Un environnement économique et politique favorable pour l’aéronautique en Inde

Pas de doute, le marché indien est porteur. En effet, malgré des inégalités sociales criantes, le pays est actuellement la quatrième puissance économique mondiale (en PIB de parité de pouvoir d’achat).

L’Inde bénéficie en outre d’atouts majeurs et durables. Mentionnons notamment :

  • une situation politique stable, une croissance soutenue depuis 20 ans (7,6 % pour 2015-2016) ;
  • une croissance prononcée de la classe moyenne et de son pouvoir d’achat ;
  • une main d’œuvre jeune et abondante ;
  • de fortes mesures incitatives destinées à stimuler les investissements étrangers dans le cadre du programme « Make in India » lancé en 2014 par le gouvernement Modi.

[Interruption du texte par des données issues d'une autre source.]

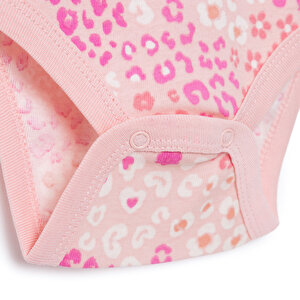 Kız İp Askılı Body Kız Bebek Kız İp Askılı Body Kız Bebek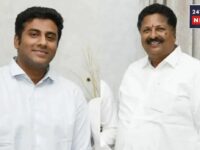 ED liquor transport scam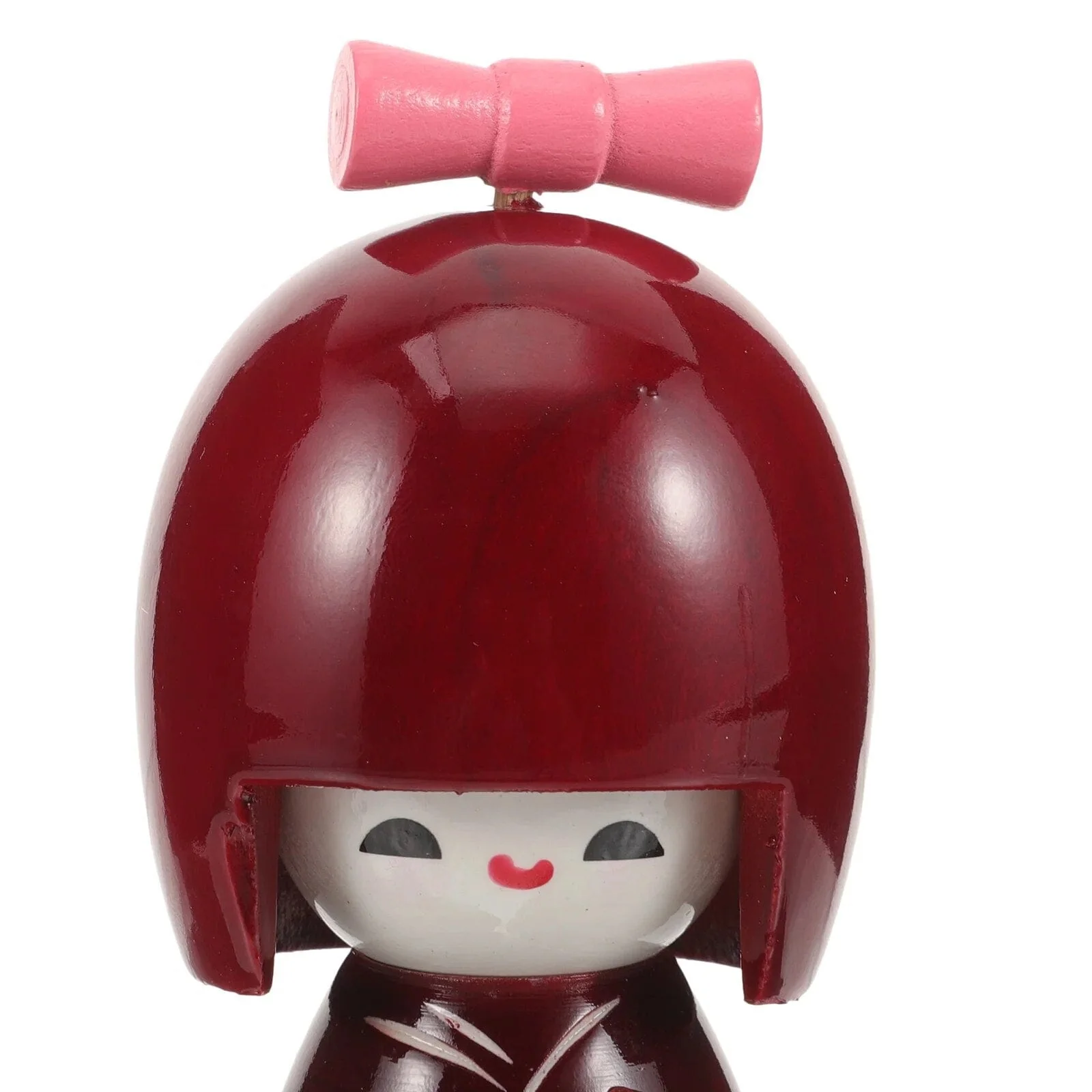 Kokeshi Vintage – Image 6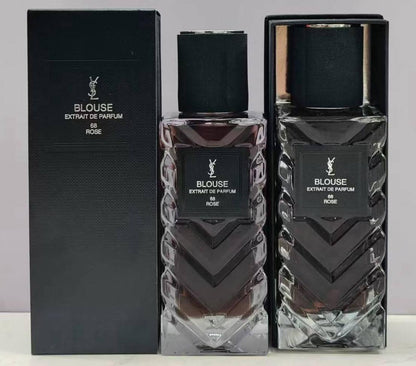 Master
60 dhs🇦🇪🇦🇪

Zain01
♥️♥️♥️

Comment ces indicateurs au vert se traduisent-ils dans le secteur de l’aéronautique ?

Aéronautique : un marché civil prometteur

Le marché aérien civil de l’Inde présente actuellement un potentiel considérable.

  • Depuis 2007, la croissance annuelle du marché intérieur aérien atteint 11 % et celle de son marché international 9,5 %.
  • Même si l’Inde accuse encore du retard face à une puissance comme la Chine, par exemple, qui transportait plus de 230 millions de passagers en 2010, comparé à environ 48 millions pour l'Inde, cet écart se comble rapidement. Déjà, en 2015, 81 millions de passagers prenaient l’avion en Inde, et l’Association Internationale du Transport Aérien (IATA) en prévoit 370 millions d’ici 2020, ce qui placerait le pays juste derrière la Chine et les États-Unis pour le nombre de passagers.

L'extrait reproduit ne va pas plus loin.